Unterhaltung statt Untersteuern
Untersteuern im Grenzbereich ist vor allem eine Begleiterscheinung von Frontantrieb – einem Antriebskonzept, das ich mir nach 30 Jahren Heckantrieb in Form zweier Mini Cooper S als eine Art Handycap auferlegte, um mich etwas einzubremsen. Mini Nummer 2 hatte eine mechanische Differenzialsperre, weil Mini Nummer 1 in engen Kehren hilflos mit dem kurveninneren Vorderrad durchdrehte, Doch die dramatisch bessere Fahrdynamik hatte ihren Preis: Der Brite zerrte ungeachtet eines bemerkenswerten Kurvenpotenzials höllisch an der Lenkung, hielt einen also ständig auf Trab.
Warum ich das erwähne? Trotz mega-sensiblem Popometer hätte ich anfangs schwören können, der Ford Focus ST hätte Allradantrieb. Obwohl ich es auf den einsamen Bergpässen zügig anging, waren weder Schlupf noch Lenkungseinflüsse zu verzeichnen. Eine Folge der sensiblen elektronischen Differenzialsteuerung mit Torque Vectoring Control und dem automatischen Torque-Ausgleich der elektrisch unterstützten Servolenkung. Und anders als mit den mir bekannten Front-Trieblern mit Differenzialsperre hatte ich nicht das Gefühl, den Wagen allein mit der Vorderachse durch die Kurve zu ziehen. Die Hinterachse leistete perfekt austariert ihren Beitrag.
Entspannt genießen im Ford Focus ST
Trotz flotter Fahrweise konnte ich mich ganz entspannt in die elektrisch verstellbare Sitzschale zurücklehnen und mit meinem Beifahrer konversieren. Die meiste Zeit ertappte ich mich trotz der vielen Kurven dabei, den Ford Focus ST mit einer Hand zu dirigieren. Umso mehr staunte ich beim Mittagessen, dass ich bereits gut 200 km weit mit einem Fronttriebler unterwegs war, ohne es zu merken.
Wer mich kennt, weiß, dass man einem derartigen Fahrzeugkonzept kein größeres Kompliment machen kann.
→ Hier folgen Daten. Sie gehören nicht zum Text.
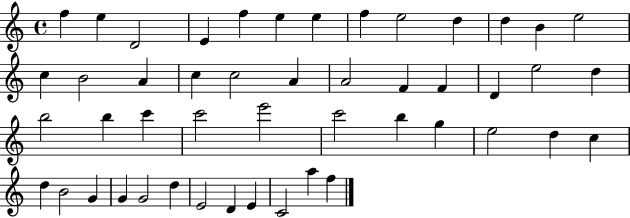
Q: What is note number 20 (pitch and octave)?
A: A4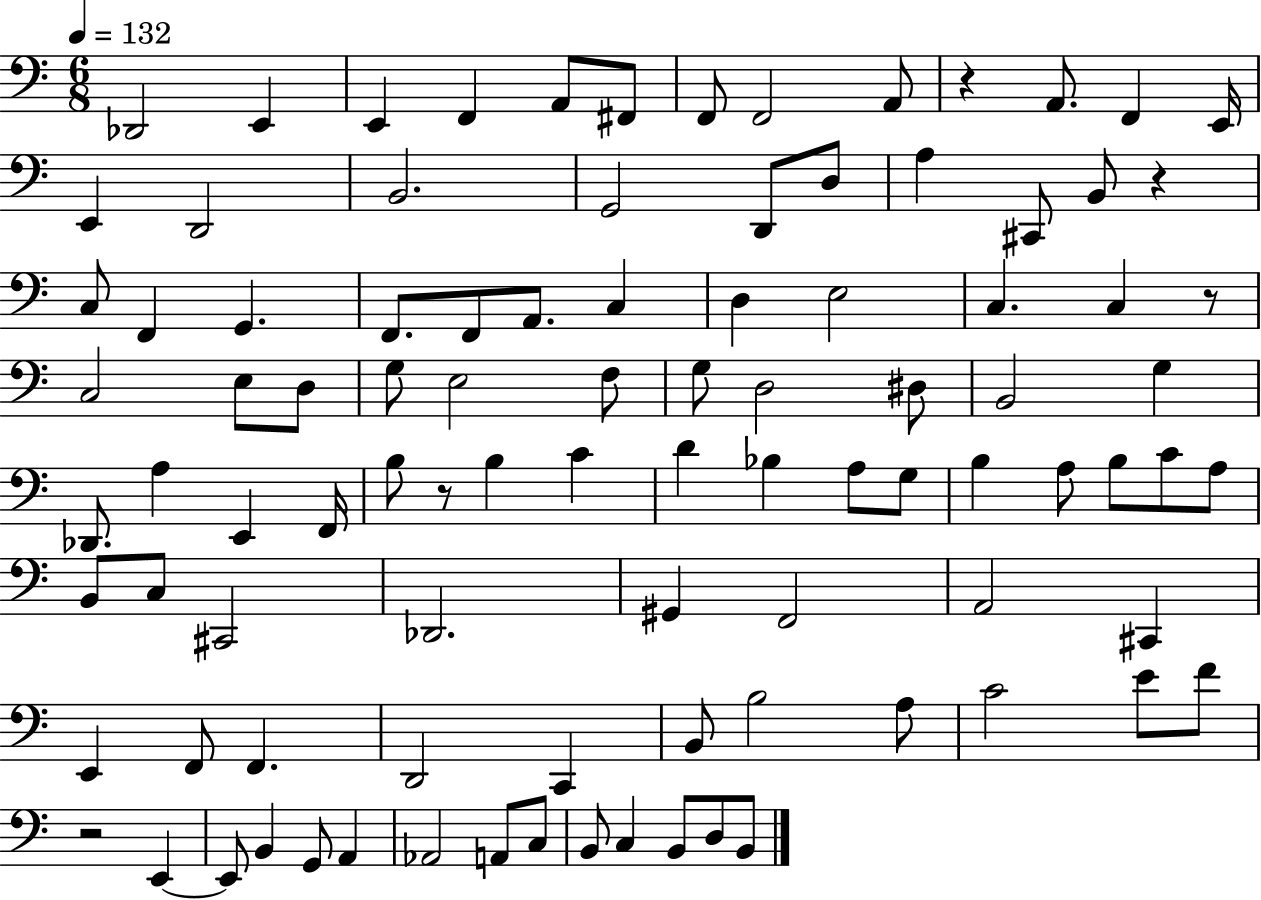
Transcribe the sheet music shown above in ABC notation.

X:1
T:Untitled
M:6/8
L:1/4
K:C
_D,,2 E,, E,, F,, A,,/2 ^F,,/2 F,,/2 F,,2 A,,/2 z A,,/2 F,, E,,/4 E,, D,,2 B,,2 G,,2 D,,/2 D,/2 A, ^C,,/2 B,,/2 z C,/2 F,, G,, F,,/2 F,,/2 A,,/2 C, D, E,2 C, C, z/2 C,2 E,/2 D,/2 G,/2 E,2 F,/2 G,/2 D,2 ^D,/2 B,,2 G, _D,,/2 A, E,, F,,/4 B,/2 z/2 B, C D _B, A,/2 G,/2 B, A,/2 B,/2 C/2 A,/2 B,,/2 C,/2 ^C,,2 _D,,2 ^G,, F,,2 A,,2 ^C,, E,, F,,/2 F,, D,,2 C,, B,,/2 B,2 A,/2 C2 E/2 F/2 z2 E,, E,,/2 B,, G,,/2 A,, _A,,2 A,,/2 C,/2 B,,/2 C, B,,/2 D,/2 B,,/2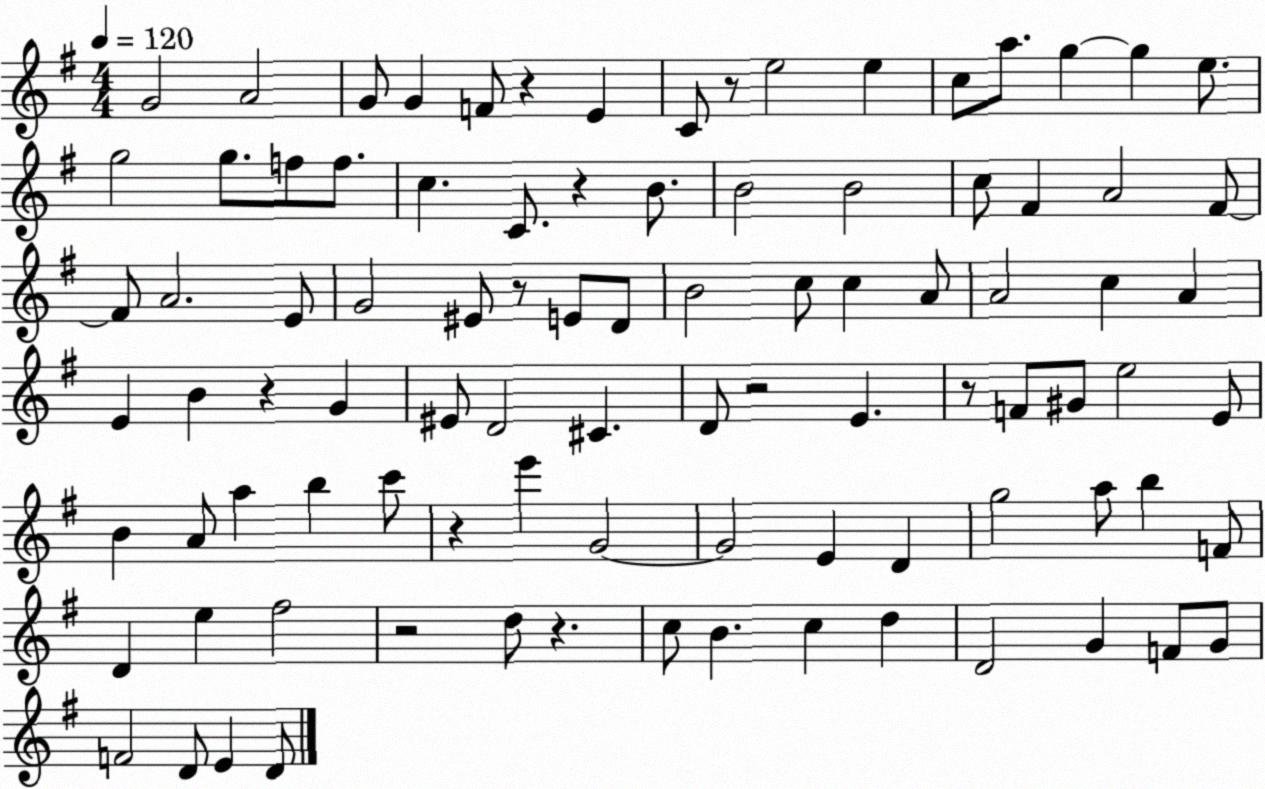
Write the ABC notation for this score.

X:1
T:Untitled
M:4/4
L:1/4
K:G
G2 A2 G/2 G F/2 z E C/2 z/2 e2 e c/2 a/2 g g e/2 g2 g/2 f/2 f/2 c C/2 z B/2 B2 B2 c/2 ^F A2 ^F/2 ^F/2 A2 E/2 G2 ^E/2 z/2 E/2 D/2 B2 c/2 c A/2 A2 c A E B z G ^E/2 D2 ^C D/2 z2 E z/2 F/2 ^G/2 e2 E/2 B A/2 a b c'/2 z e' G2 G2 E D g2 a/2 b F/2 D e ^f2 z2 d/2 z c/2 B c d D2 G F/2 G/2 F2 D/2 E D/2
Sicherlich lag es auch daran, dass bei diesen sommerlichen Temperaturen die serienmäßig montierten Michelin-Pilot-Sport-4S-Reifen einen hervorragenden Grip aufbauten.Was mich neben der ausgezeichneten mechanischen Traktion noch begeisterte, war die enorme Leichtfüßigkeit, mit der sich der Ford Focus ST durch die Serpentinen bewegen ließ. Man spürte unweigerlich die Kombination aus dem vergleichsweise geringen Gewicht von 1.508 Kilogramm und dem durchzugsstarken Turbo-Motor. Der 2.3-Liter-Twinscroll-Turbo hing unglaublich direkt und gierig am Gas. Die lineare Leistungsabgabe entsprach eher einem Sauger als einem Turbo. Das sorgte nicht nur für einen gewissen Suchtfaktor, sondern auch dafür, dass der vergleichsweise biedere, nur halb so starke Ford Focus ST auf dieser Strecke den ikonischen Ford Mustang GT glatt ausstach.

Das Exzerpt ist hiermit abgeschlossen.